- Theatrical release poster
- Directed by: Jeon Soo-il
- Screenplay by: Jeon Soo-il
- Produced by: Seo Young-Woo
- Starring: Park Ha-sun Kim Jung-tae Kim Min-jae Yoo Soon-chul
- Distributed by: Mountain Pictures
- Release dates: September 2009 (San Sebastian); 1 July 2010;
- Running time: 83 minutes
- Country: South Korea
- Language: Korean

= I Came from Busan =

I Came from Busan, also known as Yeongdo Bridge, is a 2009 South Korean film written and directed by Jeon Soo-il. It tells the story of teenaged In-hwa, who gives her newborn baby up for adoption but soon regrets the decision and embarks on a journey to find the child. The Yeongdo Bridge is a key symbol in the film; In-hwa collapses on the bridge before giving birth, and the site remains a prominent part of the backdrop for the story. The Yeongdo Bridge, which connects Yeongdo to Busan, is a place where families and friends separated during the Korean War would wait to reunite; it is also a place that symbolizes the pain of loss. In-hwa is also an orphan who remembers growing up at an orphanage, which plays a part in her decision to find her child. The film focuses on the lives of young and underprivileged people who live amidst a turbulent backdrop.

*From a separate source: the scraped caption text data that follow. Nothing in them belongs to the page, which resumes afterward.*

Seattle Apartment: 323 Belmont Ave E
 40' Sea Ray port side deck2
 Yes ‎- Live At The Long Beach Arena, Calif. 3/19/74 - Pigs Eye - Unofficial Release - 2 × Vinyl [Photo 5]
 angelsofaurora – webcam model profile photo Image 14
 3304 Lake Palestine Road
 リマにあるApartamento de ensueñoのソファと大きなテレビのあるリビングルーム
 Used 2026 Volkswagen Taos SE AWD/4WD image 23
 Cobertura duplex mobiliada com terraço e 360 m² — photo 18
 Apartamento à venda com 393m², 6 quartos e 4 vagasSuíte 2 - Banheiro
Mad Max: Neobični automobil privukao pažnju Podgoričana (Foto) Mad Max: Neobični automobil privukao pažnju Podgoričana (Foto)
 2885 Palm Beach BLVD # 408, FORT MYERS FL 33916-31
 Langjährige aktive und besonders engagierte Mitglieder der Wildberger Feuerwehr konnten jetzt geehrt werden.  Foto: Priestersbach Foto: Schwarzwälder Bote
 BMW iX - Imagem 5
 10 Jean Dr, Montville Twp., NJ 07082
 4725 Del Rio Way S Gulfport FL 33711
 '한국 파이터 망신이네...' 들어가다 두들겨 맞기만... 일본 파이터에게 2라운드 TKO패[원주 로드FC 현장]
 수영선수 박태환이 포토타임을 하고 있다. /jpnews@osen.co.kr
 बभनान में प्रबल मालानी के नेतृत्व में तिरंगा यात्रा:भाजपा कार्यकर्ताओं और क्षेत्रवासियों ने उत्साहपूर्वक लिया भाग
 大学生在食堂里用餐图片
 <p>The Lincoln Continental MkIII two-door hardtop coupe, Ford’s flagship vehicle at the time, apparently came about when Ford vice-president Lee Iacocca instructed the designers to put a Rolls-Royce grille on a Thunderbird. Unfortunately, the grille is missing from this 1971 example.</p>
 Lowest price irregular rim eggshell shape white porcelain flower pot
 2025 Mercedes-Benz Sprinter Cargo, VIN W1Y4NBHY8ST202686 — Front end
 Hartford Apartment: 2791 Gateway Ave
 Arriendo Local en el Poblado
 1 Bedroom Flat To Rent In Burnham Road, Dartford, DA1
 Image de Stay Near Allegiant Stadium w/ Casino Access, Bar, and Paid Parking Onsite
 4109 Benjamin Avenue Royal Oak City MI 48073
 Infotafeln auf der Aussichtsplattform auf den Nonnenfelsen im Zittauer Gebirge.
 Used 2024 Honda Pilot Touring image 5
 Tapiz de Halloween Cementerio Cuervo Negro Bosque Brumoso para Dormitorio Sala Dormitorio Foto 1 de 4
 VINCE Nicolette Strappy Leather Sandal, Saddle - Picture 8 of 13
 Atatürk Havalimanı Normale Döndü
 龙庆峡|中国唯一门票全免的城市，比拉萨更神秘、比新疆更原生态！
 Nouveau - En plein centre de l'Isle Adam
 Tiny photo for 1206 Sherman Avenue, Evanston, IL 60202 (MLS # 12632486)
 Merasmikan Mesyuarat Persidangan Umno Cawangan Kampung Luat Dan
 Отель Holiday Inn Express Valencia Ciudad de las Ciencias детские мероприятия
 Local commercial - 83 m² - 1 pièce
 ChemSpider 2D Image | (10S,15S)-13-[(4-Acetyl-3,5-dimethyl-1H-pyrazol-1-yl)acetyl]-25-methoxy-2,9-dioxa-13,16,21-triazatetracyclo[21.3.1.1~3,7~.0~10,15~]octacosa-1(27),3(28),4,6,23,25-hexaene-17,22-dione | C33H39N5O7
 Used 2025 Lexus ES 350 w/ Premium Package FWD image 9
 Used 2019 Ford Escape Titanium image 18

The film was made on a limited budget and shot mostly in Seoul, with the later scenes filmed in Chamonix, a mountainous region in eastern France.

== Plot ==
Eighteen-year-old In-hwa gives birth after collapsing on Yeongdo Bridge. Her best friend, Sang-min, persuades her to give the baby up for adoption, but In-hwa soon regrets the decision. She returns to the adoption center to ask for her baby. In-hwa is repeatedly turned away, but eventually obtains the address of her baby's adoptive parents, who live overseas. She embarks alone on a trip to France in search of her child.

== Cast ==
- Park Ha-sun as In-hwa
- Kim Jung-tae as Sang-mi
- Kim Min-jae as Woo-chan
- Yoo Soon-chul as old man

== Release and reception ==
The film was selected to participate in the 2009 San Sebastian Film Festival and was released on July 7, 2010. Variety Magazine described I Came from Busan as a despair-ridden story that is "grimly repetitive."